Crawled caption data

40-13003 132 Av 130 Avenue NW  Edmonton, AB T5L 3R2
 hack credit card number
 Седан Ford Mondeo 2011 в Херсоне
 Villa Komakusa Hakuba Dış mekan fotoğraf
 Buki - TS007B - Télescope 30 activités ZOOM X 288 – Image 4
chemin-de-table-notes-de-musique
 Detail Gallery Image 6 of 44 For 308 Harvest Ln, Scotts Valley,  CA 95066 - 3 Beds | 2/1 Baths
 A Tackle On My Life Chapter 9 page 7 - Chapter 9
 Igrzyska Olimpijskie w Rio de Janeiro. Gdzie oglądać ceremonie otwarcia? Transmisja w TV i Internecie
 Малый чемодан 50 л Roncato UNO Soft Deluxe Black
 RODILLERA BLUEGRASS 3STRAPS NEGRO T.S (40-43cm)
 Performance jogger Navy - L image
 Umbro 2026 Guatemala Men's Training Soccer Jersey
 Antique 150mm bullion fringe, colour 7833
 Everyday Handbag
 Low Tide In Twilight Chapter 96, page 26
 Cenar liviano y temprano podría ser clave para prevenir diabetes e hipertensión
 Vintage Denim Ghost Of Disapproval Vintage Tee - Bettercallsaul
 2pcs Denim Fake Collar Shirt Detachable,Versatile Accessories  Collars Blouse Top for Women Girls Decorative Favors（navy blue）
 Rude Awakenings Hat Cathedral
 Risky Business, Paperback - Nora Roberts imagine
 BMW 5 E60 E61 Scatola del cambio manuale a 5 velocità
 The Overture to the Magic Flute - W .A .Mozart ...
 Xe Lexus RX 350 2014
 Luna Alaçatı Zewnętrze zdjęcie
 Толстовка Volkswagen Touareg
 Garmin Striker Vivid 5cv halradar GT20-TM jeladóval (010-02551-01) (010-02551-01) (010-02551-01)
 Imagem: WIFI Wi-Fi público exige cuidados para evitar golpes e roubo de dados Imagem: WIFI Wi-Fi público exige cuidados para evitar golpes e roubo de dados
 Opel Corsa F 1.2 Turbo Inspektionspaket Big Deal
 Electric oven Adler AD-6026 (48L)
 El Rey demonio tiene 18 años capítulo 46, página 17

• **TASK TO CARRY OUT**
From the data above, gather every line that includes the word "page".

• **TASK RESULT**
 A Tackle On My Life Chapter 9 page 7 - Chapter 9
 Low Tide In Twilight Chapter 96, page 26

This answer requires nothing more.